Today's Letters: Beach community has deteriorated
By LETTERS TO THE EDITOR
Published June 27, 2007
Clearwater used to be the family beach, and that's why we couldn't wait to move here permanently. Our children visited the recreation center, swam and fished, and we enjoyed walking through the community and beach. People smiled and greeted visitors in passing.
Now, all manner of environmental pollution - the human type - assaults the senses. Police are frequently called to North Mandalay. Our community is dying.
On the beach, filthy language and dangerous skim boards accost, while my front yard is flagrantly used as a urinal and trash heap for the refuse of the beer-orgies.
Instead of the occasional, ineffective appearance of police cars, tandem officers should have a routine patrol in a four-wheel drive vehicle up and down the beach to personally confront the abusers.
If unmanageable taxes and insurance weren't enough, why would any respectable person want to be here?
V. J. Jackson, Clearwater
Officials must stop spending
With the recently ordered rollback of property taxes, local governments are threatening residents with cuts to vital and basic services.
Local governments need to stop their unchecked spending. The Clearwater City Council seems to forget it has spent and continues to spend millions of dollars on frivolous projects at our expense.
Who can forget the beach roundabout - the millions of tax dollars expended to build and then revamp it? The then-City Commission approved a fountain in the center, which wasted water and caused traffic accidents.
They invited developers to tear down existing motels and hotels along Clearwater Beach. These same developers are now balking at building new hotels and condos due to increased real estate taxes and the insurance bills. The council has managed to remove the income these hotels were producing. This is causing the residents to have to make up the difference.
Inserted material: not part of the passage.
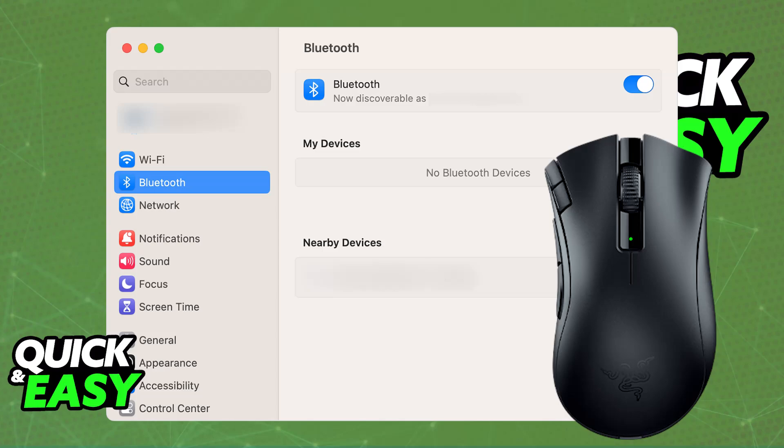Remember to swap the batteries or charge it if needed, and this will work for any Razer mouse that has Bluetooth capabilities.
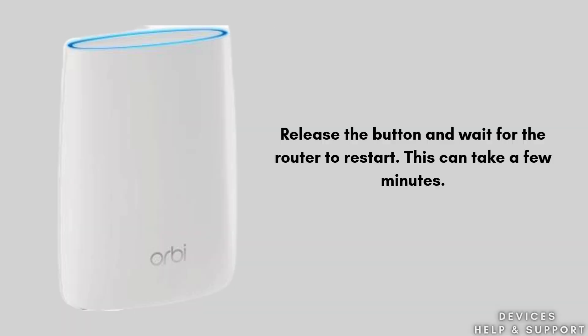Release the button and wait for the router to restart. This can take a few minutes. By following these steps, you can easily reset your Orbi Wi-Fi router, and this reset process will solve all your problems.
The final straw is the Beach Walk project. They have managed to remove most of the parking along Clearwater Beach. Now they must turn to the same developers who devastated Clearwater Beach and beg them to build new parking for the beach.
It's time we hold our elected officials responsible for their actions. Instead of spending tax dollars on any whim they choose, they should be investing in better services. The money they have spent on these fiascoes would make up any deficit a tax rollback would create.
Our government officials seem to forget they are there to serve the best interests of the people who elected them.
Jim Carr, Clearwater
City needs a chief financial officer
The politicians' standard cry over reducing the budget is always the threat of the school, police and fire budgets being slashed. I thought those were essentials in any city budget.
Great consternation and thought tells us that $4.4-million can be cut from the budget. No mention of the pet projects financed by the taxpayer: millions of dollars improving Cleveland Street in downtown; close to $30-million on the Beach Walk; $500, 000 subsidizing the landscaping of a hotel on Court Street. All seem to be discretionary spending and not necessarily productive, and certainly extravagant compared to police and fire protection and educating our children.
The Jolley Trolley is another example of money not well-utilized - cute idea, but makes no economic sense.
The demolition of the senior citizen center in Clearwater was pure waste; we still need a senior citizen center - not a new, extravagant, state-of-the-art complex. Morningside Recreation Center is utilized by homeowners and has been for years; it needs maintenance but budget constraints threaten to close that down.
For a city the size of Clearwater, we possibly have too many employees. There is always money to pay a consultant a hefty fee to advise the City Council members on additional ways to spend the taxpayers' money.
Spending money does not take great talent; budgeting necessities takes both talent and responsibility. I would suggest what Clearwater is in great need of is a chief financial officer to retain some fiscal responsibility for our budget. It might be taken under consideration for the county as well.
Dorie Sampson, Clearwater
Police, fire cuts will hurt city
Congratulations to the mayors of St. Petersburg and Tampa, who have assured their citizens there will be no budget cuts in the police and fire departments.
These mayors can distinguish between safety and services.
Their populations will remain safe while budget cuts are directed to less essential services.
Sadly, Clearwater's mayor, council members and city manager cannot see this distinction and do not recognize that the safety of Clearwater's citizens deserves the highest priority.
Clearwater's cuts in the police and fire departments invite the criminal element to our city. Our Police Department has been regarded as one of the finest in the nation.
How sad it is that that rating will surely suffer as the crime rate increases.